Eks Wakapolri Oegroseno Mengaku Prihatin dengan Kasus Ferdy Sambo

Jakarta, Gatra.com- Mantan Wakil Kepala Kepolisian RI (Wakapolri) Oegroseno mengaku prihatin dengan kasus pembunuhan berencana yang menjerat Mantan Kepala Divisi Profesi dan Pengamanan (Kadiv Propam) Polri Ferdy Sambo. Menurutnya, pembunuhan itu tak seharusnya dilakukan meski seorang anak buah telah melakukan kesalahan.

"Kalau kejadian kasusnya Pak Ferdy Sambo, saya rasa saya juga prihatin ya. Kalau anak buah salah, anak buah itu anak kita, adek kita, kenapa harus pake dibunuh?" kata Oegroseno, usai bersaksi dalam persidangan Hendra Kurniawan dan Agus Nurpatria, di PN Jakarta Selatan, Jumat (20/1).

Meski motif di balik peristiwa pembunuhan itu masih belum dipastikan, Oegroseno menilai, perkara yang telah merenggut nyawa Nofriansyah Yosua Hutabarat alias Brigadir J itu tak seharusnya terjadi.

"Itu kayak orang yang, mau dibilang dendam, tapi kan motifnya belum terungkap. Saya belum pernah melihat motif yang sebenarnya, tapi kalau bisa jangan terjadi lah," imbuhnya.

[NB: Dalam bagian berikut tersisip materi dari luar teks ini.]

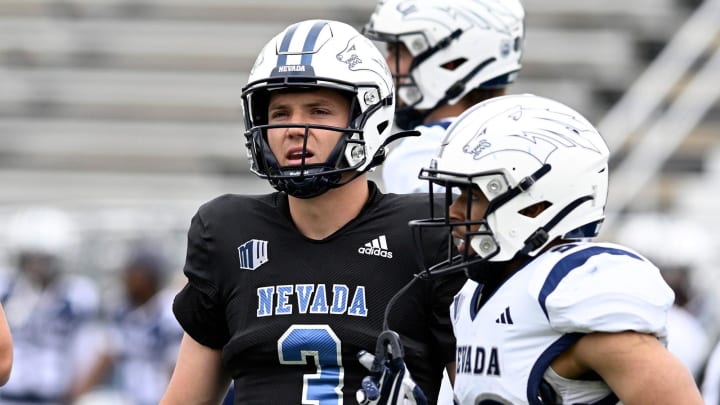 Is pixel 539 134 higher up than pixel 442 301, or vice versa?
pixel 539 134

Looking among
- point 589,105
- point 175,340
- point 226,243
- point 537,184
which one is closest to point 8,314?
point 175,340

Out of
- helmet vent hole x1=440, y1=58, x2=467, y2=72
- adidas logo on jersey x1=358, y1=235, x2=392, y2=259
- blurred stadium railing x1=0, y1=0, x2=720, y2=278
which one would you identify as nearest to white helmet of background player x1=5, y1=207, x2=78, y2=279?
blurred stadium railing x1=0, y1=0, x2=720, y2=278

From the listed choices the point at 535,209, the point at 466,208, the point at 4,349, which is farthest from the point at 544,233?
the point at 4,349

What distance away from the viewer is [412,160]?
13.6 ft

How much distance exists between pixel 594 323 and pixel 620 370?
94mm

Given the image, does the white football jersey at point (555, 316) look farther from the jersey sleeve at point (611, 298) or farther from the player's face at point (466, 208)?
the player's face at point (466, 208)

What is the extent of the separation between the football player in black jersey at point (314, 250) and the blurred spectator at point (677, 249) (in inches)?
213

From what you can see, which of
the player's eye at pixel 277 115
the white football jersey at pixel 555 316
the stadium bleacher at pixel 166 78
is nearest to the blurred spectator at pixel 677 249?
the stadium bleacher at pixel 166 78

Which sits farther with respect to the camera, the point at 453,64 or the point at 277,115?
the point at 453,64

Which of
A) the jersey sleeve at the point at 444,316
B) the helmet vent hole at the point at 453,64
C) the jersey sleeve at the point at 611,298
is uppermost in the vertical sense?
the helmet vent hole at the point at 453,64

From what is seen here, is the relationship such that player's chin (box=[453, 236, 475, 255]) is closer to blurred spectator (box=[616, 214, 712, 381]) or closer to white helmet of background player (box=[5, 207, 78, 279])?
blurred spectator (box=[616, 214, 712, 381])

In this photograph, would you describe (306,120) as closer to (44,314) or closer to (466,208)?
(466,208)

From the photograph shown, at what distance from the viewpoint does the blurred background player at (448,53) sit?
4.37 m

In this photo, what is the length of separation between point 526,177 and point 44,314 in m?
6.85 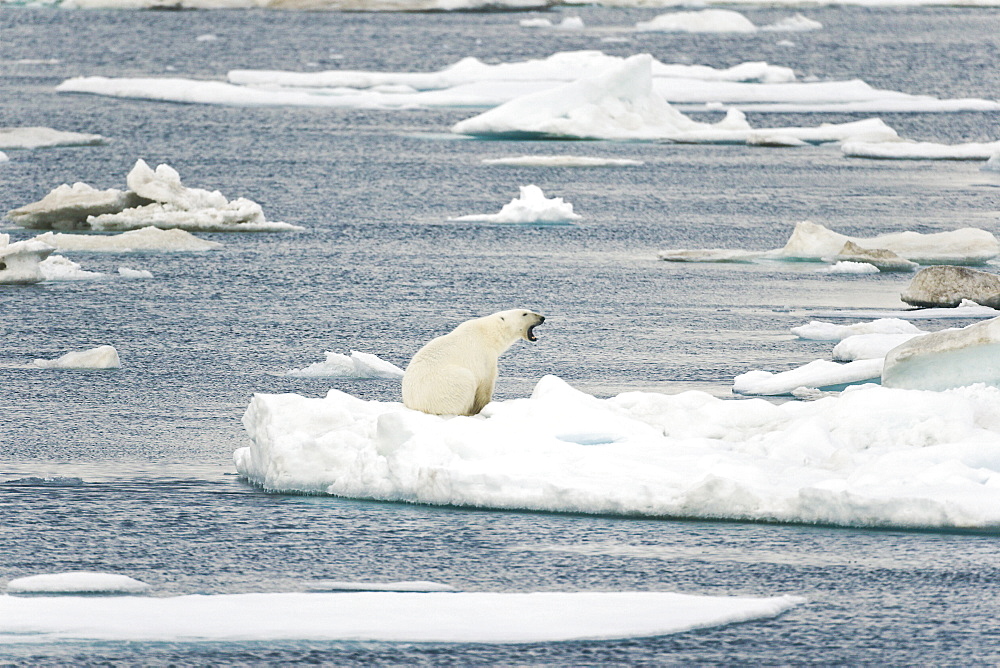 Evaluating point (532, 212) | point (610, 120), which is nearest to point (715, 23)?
point (610, 120)

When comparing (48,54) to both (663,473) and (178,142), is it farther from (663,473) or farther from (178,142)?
(663,473)

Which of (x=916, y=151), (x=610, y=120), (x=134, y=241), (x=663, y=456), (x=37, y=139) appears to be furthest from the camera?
(x=610, y=120)

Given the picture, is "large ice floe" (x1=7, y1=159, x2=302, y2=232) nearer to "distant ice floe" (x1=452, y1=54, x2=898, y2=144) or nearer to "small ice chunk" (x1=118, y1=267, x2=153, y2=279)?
"small ice chunk" (x1=118, y1=267, x2=153, y2=279)

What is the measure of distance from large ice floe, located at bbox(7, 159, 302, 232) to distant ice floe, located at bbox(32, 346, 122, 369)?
683cm

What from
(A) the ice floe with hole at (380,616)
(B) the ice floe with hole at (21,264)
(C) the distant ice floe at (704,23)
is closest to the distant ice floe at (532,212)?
(B) the ice floe with hole at (21,264)

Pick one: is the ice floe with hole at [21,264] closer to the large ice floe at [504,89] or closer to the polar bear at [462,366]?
the polar bear at [462,366]

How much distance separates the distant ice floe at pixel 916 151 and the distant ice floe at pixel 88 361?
1725cm

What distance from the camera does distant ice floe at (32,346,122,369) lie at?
10680mm

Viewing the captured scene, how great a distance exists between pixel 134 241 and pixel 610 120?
509 inches

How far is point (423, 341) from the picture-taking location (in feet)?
37.7

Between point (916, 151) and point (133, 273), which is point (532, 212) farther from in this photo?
point (916, 151)

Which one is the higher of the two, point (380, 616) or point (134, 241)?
point (134, 241)

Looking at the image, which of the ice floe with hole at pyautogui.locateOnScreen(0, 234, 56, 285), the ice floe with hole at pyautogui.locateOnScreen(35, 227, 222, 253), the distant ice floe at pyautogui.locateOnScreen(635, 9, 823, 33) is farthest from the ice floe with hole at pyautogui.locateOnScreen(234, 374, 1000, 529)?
the distant ice floe at pyautogui.locateOnScreen(635, 9, 823, 33)

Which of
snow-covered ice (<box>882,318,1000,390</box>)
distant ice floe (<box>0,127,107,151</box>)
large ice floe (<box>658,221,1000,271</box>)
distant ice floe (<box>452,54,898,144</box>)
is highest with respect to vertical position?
distant ice floe (<box>452,54,898,144</box>) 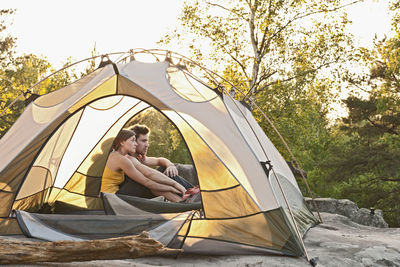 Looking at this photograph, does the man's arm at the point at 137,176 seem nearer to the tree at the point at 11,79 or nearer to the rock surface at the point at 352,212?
the rock surface at the point at 352,212

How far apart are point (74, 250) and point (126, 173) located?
81.6 inches

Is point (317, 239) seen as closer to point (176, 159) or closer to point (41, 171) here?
point (41, 171)

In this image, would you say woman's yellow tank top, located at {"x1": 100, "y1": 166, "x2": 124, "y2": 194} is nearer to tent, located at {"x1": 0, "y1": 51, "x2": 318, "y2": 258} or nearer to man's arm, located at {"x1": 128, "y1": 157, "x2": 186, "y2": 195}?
man's arm, located at {"x1": 128, "y1": 157, "x2": 186, "y2": 195}

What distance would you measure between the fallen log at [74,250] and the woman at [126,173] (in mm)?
1754

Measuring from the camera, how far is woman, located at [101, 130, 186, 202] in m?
4.78

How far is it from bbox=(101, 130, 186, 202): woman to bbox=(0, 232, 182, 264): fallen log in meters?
1.75

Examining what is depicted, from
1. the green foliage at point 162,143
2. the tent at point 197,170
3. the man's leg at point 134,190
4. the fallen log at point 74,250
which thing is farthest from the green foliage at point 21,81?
the fallen log at point 74,250

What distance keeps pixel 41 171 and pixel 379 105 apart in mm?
10095

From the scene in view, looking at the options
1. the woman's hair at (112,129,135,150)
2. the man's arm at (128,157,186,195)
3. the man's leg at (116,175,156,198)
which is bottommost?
the man's leg at (116,175,156,198)

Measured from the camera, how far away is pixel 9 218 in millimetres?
3930

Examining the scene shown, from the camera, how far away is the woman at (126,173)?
4777 millimetres

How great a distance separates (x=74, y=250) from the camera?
277 cm

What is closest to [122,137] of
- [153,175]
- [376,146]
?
[153,175]

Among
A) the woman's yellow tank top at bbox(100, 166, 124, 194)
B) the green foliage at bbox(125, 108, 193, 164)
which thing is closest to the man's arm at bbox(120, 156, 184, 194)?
the woman's yellow tank top at bbox(100, 166, 124, 194) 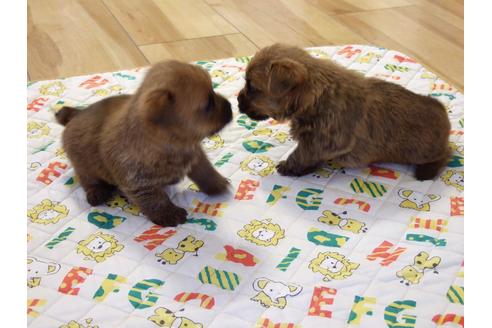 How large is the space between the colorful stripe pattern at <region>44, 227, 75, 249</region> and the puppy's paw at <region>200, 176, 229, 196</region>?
538 mm

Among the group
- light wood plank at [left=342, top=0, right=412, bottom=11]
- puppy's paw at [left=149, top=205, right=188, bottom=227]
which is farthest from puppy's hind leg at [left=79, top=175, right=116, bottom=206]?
light wood plank at [left=342, top=0, right=412, bottom=11]

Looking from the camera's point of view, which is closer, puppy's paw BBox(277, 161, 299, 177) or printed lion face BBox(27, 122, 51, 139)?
puppy's paw BBox(277, 161, 299, 177)

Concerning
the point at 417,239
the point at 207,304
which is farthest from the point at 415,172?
the point at 207,304

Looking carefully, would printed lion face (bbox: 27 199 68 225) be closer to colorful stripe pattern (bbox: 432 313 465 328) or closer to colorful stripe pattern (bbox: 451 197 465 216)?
colorful stripe pattern (bbox: 432 313 465 328)

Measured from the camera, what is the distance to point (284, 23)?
3.79 m

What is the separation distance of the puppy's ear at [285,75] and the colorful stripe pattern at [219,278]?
2.42 ft

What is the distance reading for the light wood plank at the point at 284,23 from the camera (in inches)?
140

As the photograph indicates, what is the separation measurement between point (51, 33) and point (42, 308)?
251 cm

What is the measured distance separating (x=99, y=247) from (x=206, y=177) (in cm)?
49

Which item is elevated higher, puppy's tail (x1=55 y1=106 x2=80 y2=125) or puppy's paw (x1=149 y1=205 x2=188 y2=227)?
puppy's tail (x1=55 y1=106 x2=80 y2=125)

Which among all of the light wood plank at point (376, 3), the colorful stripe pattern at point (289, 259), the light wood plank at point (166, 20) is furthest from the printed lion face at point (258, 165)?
the light wood plank at point (376, 3)

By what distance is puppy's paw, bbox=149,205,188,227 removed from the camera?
1.97 meters

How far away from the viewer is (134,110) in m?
1.88

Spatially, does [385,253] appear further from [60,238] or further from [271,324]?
[60,238] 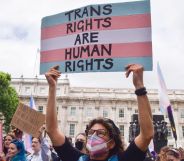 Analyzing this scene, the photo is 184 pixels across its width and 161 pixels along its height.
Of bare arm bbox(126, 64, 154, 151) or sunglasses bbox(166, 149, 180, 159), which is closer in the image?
bare arm bbox(126, 64, 154, 151)

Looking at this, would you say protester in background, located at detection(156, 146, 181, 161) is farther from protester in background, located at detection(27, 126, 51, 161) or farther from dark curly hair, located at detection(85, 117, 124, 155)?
dark curly hair, located at detection(85, 117, 124, 155)

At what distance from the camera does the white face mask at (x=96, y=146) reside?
8.04ft

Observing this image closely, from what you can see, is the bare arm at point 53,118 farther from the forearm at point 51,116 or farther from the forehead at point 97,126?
the forehead at point 97,126

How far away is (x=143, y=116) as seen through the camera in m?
2.41

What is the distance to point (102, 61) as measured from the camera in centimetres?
442

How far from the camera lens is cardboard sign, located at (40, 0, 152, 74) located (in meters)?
4.39

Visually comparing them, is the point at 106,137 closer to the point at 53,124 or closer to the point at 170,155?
the point at 53,124

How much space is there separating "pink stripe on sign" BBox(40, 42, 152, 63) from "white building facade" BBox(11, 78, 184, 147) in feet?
149

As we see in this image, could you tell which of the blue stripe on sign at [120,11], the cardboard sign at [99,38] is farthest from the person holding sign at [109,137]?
the blue stripe on sign at [120,11]

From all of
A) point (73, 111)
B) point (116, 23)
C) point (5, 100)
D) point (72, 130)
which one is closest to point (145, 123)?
point (116, 23)

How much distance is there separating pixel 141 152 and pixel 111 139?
0.27 m

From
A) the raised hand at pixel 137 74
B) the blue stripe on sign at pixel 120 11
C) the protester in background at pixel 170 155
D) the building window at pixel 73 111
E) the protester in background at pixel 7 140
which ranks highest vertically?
the building window at pixel 73 111

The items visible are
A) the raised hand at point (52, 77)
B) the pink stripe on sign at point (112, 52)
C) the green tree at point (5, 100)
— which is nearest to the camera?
the raised hand at point (52, 77)

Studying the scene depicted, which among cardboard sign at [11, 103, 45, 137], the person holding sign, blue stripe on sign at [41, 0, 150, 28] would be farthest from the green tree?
the person holding sign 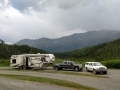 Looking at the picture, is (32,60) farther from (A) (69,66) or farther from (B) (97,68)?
(B) (97,68)

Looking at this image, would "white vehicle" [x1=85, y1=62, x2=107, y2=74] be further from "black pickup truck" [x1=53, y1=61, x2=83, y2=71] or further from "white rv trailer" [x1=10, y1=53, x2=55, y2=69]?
"white rv trailer" [x1=10, y1=53, x2=55, y2=69]

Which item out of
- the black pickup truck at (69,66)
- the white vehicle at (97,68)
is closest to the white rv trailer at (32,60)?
the black pickup truck at (69,66)

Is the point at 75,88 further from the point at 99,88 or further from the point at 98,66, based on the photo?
the point at 98,66

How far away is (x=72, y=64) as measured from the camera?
41812 mm

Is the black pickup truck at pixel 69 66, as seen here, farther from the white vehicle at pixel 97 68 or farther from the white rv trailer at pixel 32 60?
the white vehicle at pixel 97 68

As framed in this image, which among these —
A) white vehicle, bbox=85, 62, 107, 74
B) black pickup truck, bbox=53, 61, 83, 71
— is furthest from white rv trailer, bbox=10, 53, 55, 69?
white vehicle, bbox=85, 62, 107, 74

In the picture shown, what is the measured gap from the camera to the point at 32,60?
44938 mm

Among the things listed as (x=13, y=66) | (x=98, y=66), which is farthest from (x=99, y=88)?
(x=13, y=66)

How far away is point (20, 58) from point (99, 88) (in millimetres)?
31073

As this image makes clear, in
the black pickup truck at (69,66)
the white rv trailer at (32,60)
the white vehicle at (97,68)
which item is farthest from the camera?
the white rv trailer at (32,60)

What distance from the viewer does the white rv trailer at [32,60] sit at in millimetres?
43759

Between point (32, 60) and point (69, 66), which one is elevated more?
point (32, 60)

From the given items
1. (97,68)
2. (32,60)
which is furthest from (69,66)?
(32,60)

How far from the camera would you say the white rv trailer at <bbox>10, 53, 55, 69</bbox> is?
43759mm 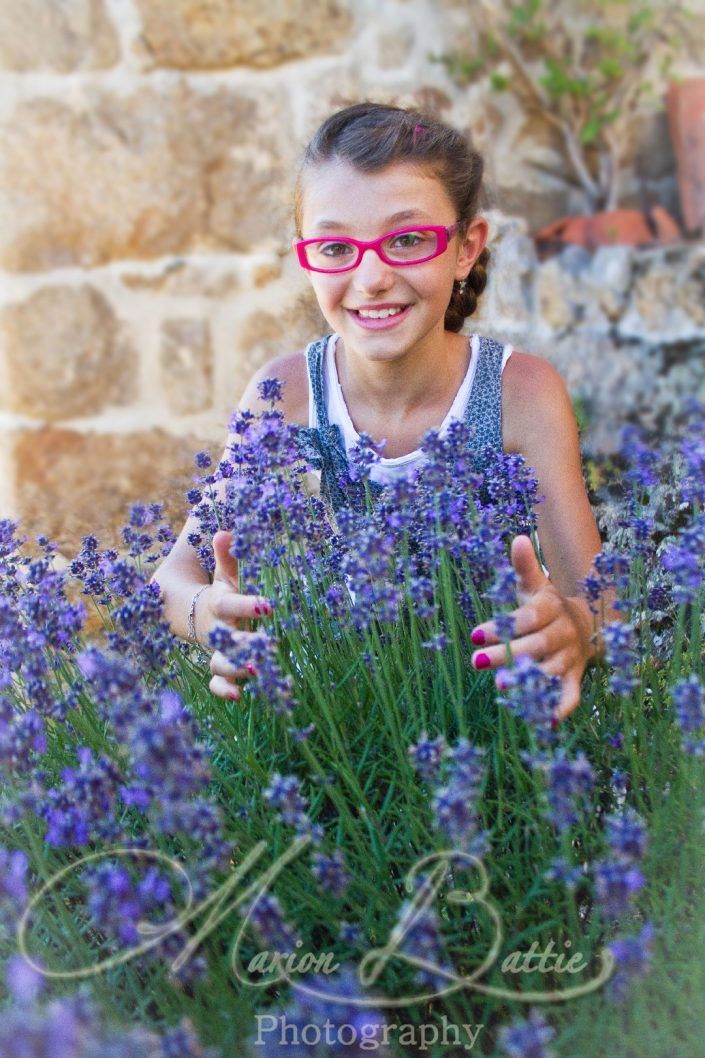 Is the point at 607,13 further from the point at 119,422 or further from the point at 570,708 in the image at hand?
the point at 570,708

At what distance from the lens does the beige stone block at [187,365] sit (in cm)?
321

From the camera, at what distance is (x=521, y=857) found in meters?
1.29

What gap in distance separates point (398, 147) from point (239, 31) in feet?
4.30

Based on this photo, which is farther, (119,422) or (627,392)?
(627,392)

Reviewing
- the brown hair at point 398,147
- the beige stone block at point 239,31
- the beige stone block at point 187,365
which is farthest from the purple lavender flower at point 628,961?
the beige stone block at point 239,31

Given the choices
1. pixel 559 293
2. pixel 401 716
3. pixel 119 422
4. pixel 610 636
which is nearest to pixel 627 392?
pixel 559 293

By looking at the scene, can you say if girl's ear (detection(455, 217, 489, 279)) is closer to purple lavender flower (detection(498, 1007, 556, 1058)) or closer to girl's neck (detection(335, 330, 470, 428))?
girl's neck (detection(335, 330, 470, 428))

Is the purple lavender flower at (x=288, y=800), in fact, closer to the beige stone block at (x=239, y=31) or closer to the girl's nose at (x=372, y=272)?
the girl's nose at (x=372, y=272)

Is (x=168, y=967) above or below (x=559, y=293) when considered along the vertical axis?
below

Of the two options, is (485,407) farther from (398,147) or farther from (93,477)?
(93,477)

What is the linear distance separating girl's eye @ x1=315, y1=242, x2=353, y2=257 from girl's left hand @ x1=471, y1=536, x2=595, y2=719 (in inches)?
31.8

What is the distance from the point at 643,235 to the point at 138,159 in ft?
5.34

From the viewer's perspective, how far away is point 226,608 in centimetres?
154

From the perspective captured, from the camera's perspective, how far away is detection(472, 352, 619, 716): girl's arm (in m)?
1.39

Namun demikian, Oegroseno tak memberi banyak komentar terkait tuntutan seumur hidup yang dilayangkan Jaksa Penuntut Umum (JPU) kepada mantan perwira tinggi polisi itu. Ia hanya mengatakan agar masyarakat terus mengikuti proses peradilan yang saat ini masih berlangsung.

"Ya kita ikuti saja," singkat Oegroseno.

Sebagai informasi, JPU telah memberikan tuntutan pidana penjara seumur hidup kepada Ferdy Sambo atas perkara pembunuhan terhadap Brigadir J dan perintangan penyidikan pembunuhan yang telah menjeratnya sejak pertengahan 2022 silam.

Rangkaian kasus pembunuhan itu telah menyeret nama puluhan anggota Polri lain dalam dugaan pelanggaran kode etik dan menyebabkan delapan di antaranya harus menjalani proses hukum pidana sebagai buntut dari peristiwa itu.

Adapun, dua anggota Polri, yakni Ricky Rizal dan Richard Eliezer alias Bharada E harus menjadi terdakwa dalam kasus pembunuhan tersebut. Sementara itu, Hendra Kurniawan dan Agus Nurpatria, Arif Rachman Arifin, Irfan Widyanto, serta Baiquni Wibowo dan Chuck Putranto harus menjalani proses hukum sebagai terdakwa dalam kasus perintangan penyidikan pembunuhan itu.